Pesticide spraying has been controversial in Canada for several decades. One of the more contentious applications of pesticides has been the forest sector’s use of aerial spraying to control insects considered “pests.” In New Brunswick, for example, a province with a long history of intensive commercial forestry, the Department of Natural Resources announced in early June 2011 that 10,000 hectares of Crown forests near Sussex, New Brunswick, would be sprayed aerially with Abietiv to manage a balsam fir sawfly outbreak.

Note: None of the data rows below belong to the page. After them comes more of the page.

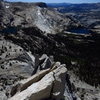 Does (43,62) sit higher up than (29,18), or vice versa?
(43,62)

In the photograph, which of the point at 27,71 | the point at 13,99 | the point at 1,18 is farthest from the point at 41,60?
the point at 1,18

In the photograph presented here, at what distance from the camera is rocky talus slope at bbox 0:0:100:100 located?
1973 cm

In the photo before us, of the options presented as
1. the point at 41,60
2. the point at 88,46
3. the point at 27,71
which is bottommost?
the point at 88,46

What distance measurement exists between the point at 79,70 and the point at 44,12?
111292 mm

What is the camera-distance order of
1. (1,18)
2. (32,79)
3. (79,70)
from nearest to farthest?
(32,79) → (79,70) → (1,18)

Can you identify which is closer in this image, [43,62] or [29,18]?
[43,62]

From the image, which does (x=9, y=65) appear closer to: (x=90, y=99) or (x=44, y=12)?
(x=90, y=99)

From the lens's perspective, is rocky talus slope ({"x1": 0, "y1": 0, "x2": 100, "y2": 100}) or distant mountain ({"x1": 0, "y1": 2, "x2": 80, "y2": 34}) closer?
rocky talus slope ({"x1": 0, "y1": 0, "x2": 100, "y2": 100})

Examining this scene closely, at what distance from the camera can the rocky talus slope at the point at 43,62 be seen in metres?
19.7

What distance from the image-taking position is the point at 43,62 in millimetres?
39125

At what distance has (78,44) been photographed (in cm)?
14025

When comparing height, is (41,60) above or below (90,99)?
above

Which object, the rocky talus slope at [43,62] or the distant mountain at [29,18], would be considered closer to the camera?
the rocky talus slope at [43,62]

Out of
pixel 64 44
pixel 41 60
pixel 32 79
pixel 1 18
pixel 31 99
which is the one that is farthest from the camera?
pixel 1 18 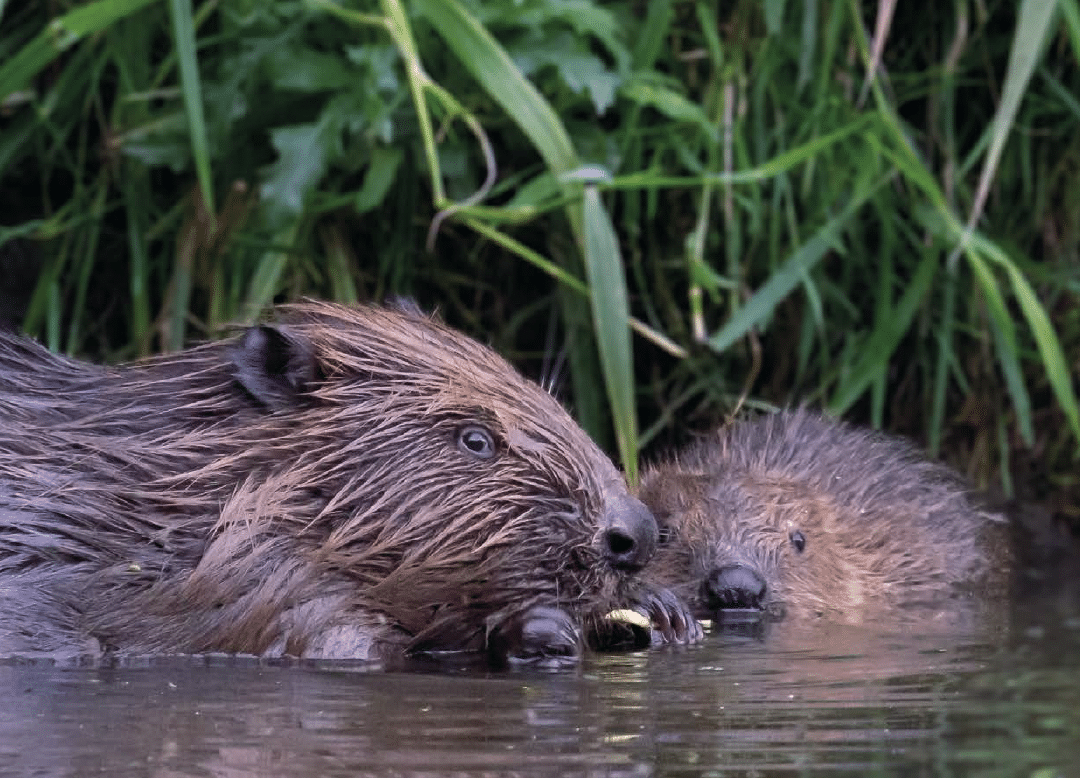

Minister of Natural Resources Bruce Northrup was careful to explain to the media that the insecticide was based on a naturally occurring virus that was
“effective against the sawfly but research has shown it does not affect humans, other animals, birds, bees, other insects, fish or aquatic organisms, or plants.” Northrup’s cautious explanation has its historical roots in the growth of opposition to New Brunswick’s spruce budworm spraying program in the 1950s and 1960s. An analysis of those events can be found in an article by Mark J. McLaughlin in the most recent issue of Acadiensis, entitledGreen Shoots: Aerial Insecticide Spraying and the Growth of Environmental Consciousness in New Brunswick, 1952-1973. Bruce Northrup would have been well aware of the historical sensitivities when he made the Abietiv announcement.